Researchers will study the health status of these patients at 3 months after the transplant.
Full description
The Study Treatment:
Cyclophosphamide is designed to interfere with the multiplication of cancer cells, which may slow or stop their growth and spread throughout the body. This may cause the cancer cells to die.
In this study, researchers want to learn if cyclophosphamide can help to prevent graft-versus-host disease (GVHD -- when transplanted immune tissue, such as white blood cells, attacks the tissues of the recipient's body).
Melphalan, thiotepa, and fludarabine are commonly used in combination with a stem cell transplant.
Study Treatment Administration:
If you are found to be eligible to take part in this study, you will receive chemotherapy for 6 days:
- You will receive melphalan by vein over 30 minutes on Day -8 (8 days before the transplant).
- You will receive thiotepa by vein over 4 hours on Day -7.
- You will receive fludarabine by vein over 1 hour on Days -6, -5, -4, and -3.
If thiotepa is not available, you will receive melphalan by vein over 30 minutes on Day -6 and fludarabine by vein over 1 hour on Days -5, -4, -3, and -2. You will receive total body irradiation (TBI) on Day -1.
On Day 0, you will receive the donor's stem cells by vein. This may last anywhere from 15 minutes to several hours.
On Days 3 and 4, you will receive cyclophosphamide by vein over 3 hours. You will also receive mesna by vein over 30 minutes every 4 hours for a total of 10 mesna doses on Days 3 and 4. Mesna is given to lower the risk of side effects to the bladder.

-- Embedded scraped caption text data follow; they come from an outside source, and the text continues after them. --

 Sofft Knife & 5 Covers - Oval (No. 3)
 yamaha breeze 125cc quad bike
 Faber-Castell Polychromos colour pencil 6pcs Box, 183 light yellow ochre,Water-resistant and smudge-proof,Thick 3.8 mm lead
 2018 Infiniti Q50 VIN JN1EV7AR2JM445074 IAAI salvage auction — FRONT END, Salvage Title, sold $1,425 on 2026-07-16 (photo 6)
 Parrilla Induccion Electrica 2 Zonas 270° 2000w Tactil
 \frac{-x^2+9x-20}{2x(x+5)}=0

Starting on Day 5, you will receive tacrolimus and mycophenolate mofetil (MMF) to help lower the risk of GVHD. Tacrolimus will be given by vein as a continuous infusion for about 2 weeks. After the 2 weeks of taking tacrolimus by vein, you will take tacrolimus by mouth as a pill for at least 3 months. MMF will be given by mouth, 3 times a day, usually until Day 35.
Starting on Day 7, you will receive filgrastim (G-CSF) once a day as an injection under the skin, until your blood cell counts reach a high enough level.

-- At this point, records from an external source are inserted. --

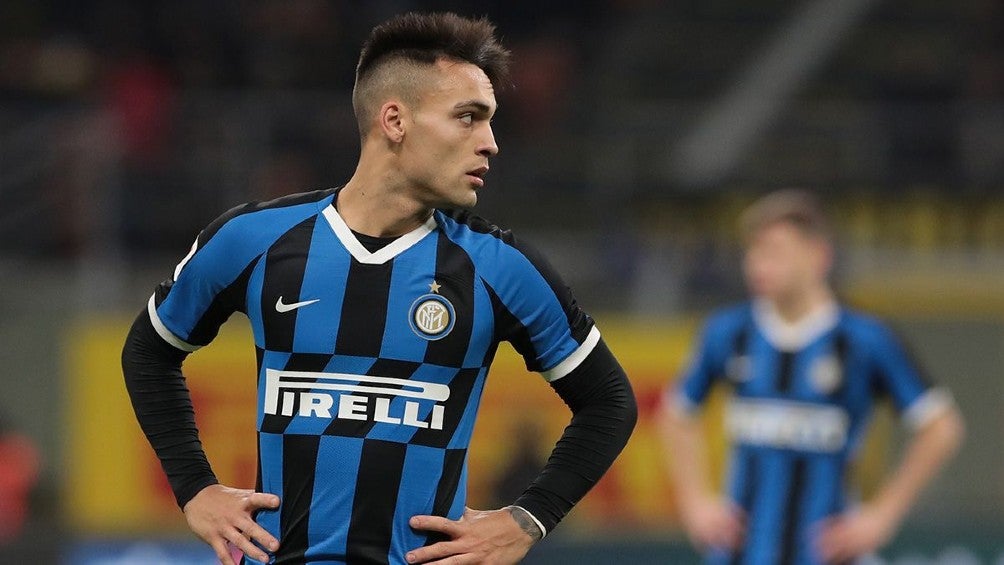 Lautaro Martínez durante un partido con Inter de Milan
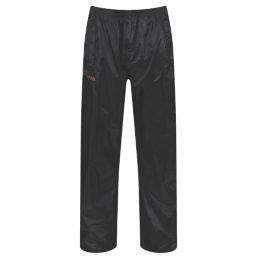Regatta Stormbreak Weatherproof  Overtrousers  Black 3X Large 47" W 32" L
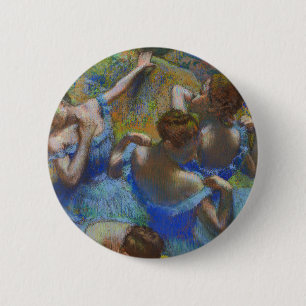 Degas Blue Dancers Pastel Fine Art Masterpiece 6 Cm Round Badge
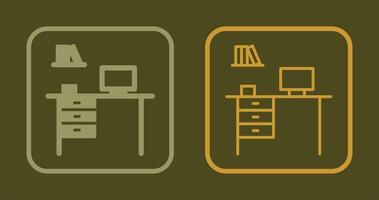 Office Desk Icon vector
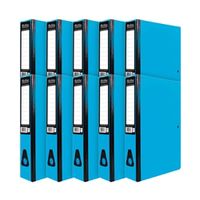 pukka brights box file foolscap blue 10 pack br-7777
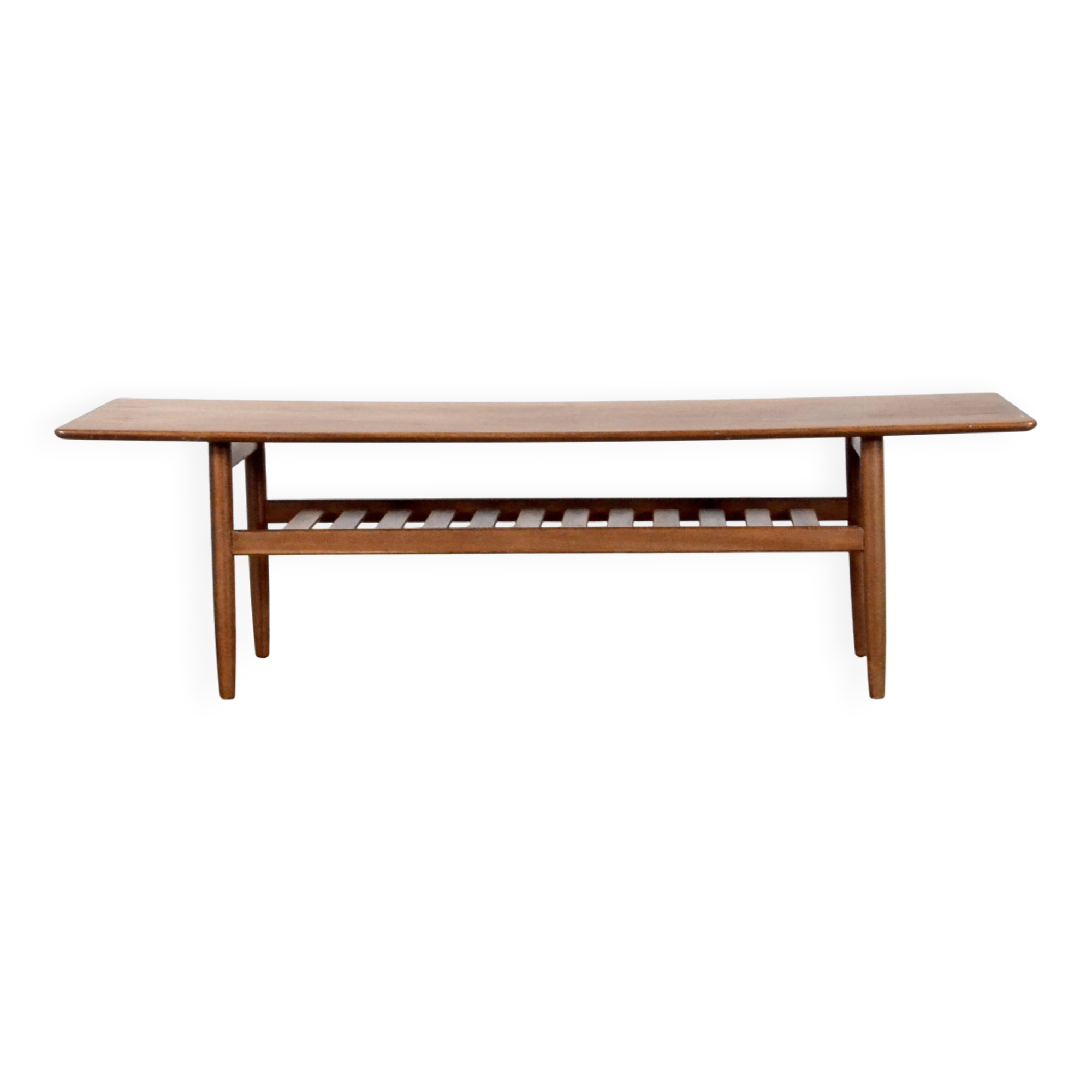 Table basse vintage danoise en teck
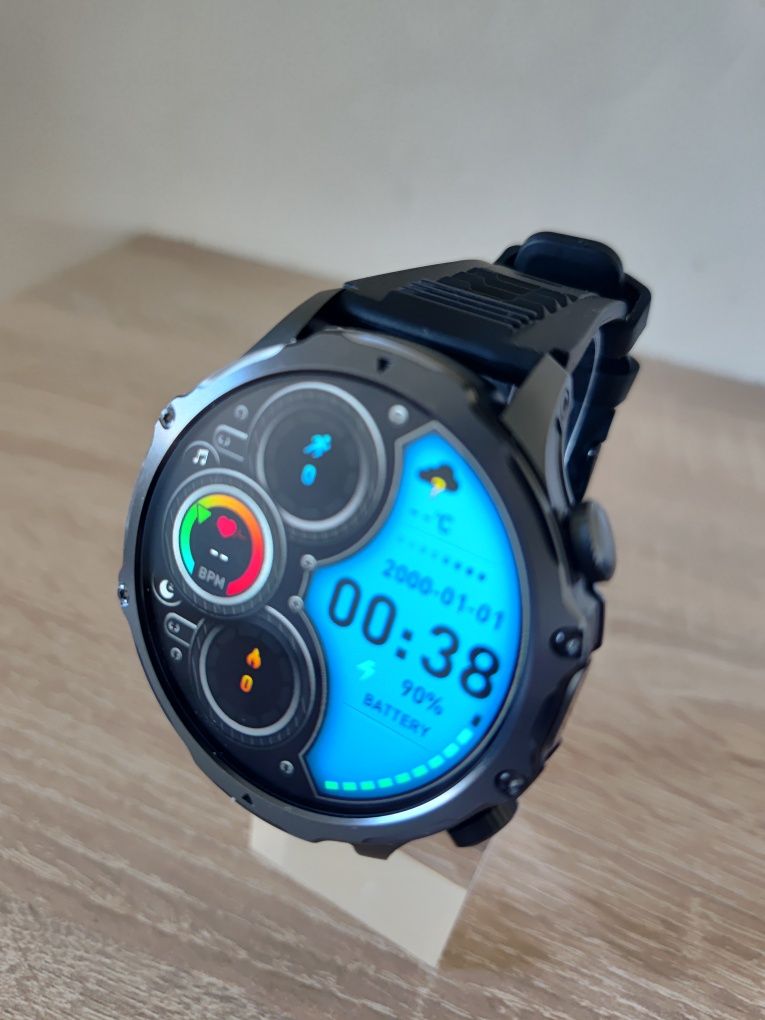 Smartwatch, 1,85" IPS, puls, ciśnienie, bateria 800mAh.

Depending on the type of disease that you have, your doctor may decide to give you rituximab by vein over several hours on Days -13, -6, 1, and 8. Rituximab is given to help the body get rid of abnormal white blood cells.
Length of Study Participation:
You will be in the hospital for about 4 weeks after the transplant. You will be taken off study if the disease gets worse. The study drugs will be stopped if intolerable side effects occur.
Follow-Up Visits:
You will be asked to stay close enough to Houston to be able to come back for any visits for at least 100 days after the transplant.

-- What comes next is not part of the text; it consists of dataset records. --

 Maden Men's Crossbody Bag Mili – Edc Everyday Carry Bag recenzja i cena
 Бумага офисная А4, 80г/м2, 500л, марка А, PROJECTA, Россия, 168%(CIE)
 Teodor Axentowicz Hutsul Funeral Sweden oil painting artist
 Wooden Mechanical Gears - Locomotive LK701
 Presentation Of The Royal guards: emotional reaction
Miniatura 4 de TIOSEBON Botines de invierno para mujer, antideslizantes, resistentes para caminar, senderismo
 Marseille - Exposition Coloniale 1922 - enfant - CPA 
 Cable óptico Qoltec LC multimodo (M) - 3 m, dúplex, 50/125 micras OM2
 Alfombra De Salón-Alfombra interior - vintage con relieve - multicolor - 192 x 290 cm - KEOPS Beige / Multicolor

At 1, 3, 6, and 12 months after the transplant, the following tests and procedures will be performed:
- You will have a physical exam.
- Blood (about 4 tablespoons) will be drawn for routine tests.
- You will have a bone marrow biopsy/aspirate to check the status of the disease. If you have lymphoma or aplastic anemia, you may have a bone marrow biopsy/aspirate at 3, 6, and 12 months, if your doctor thinks it is needed.
- Blood (about 4 tablespoons) will be drawn to measure tumor cells and to predict graft failure and/or relapse.
- You may have urine collected and/or scans performed such as x-rays, CT scans, and/or a positron emission tomography (PET) scan. These scans and urine tests would only be done if the study doctor thinks they are needed to check the status of the disease.
- Blood (about 4 tablespoons) will be drawn to check your immune system.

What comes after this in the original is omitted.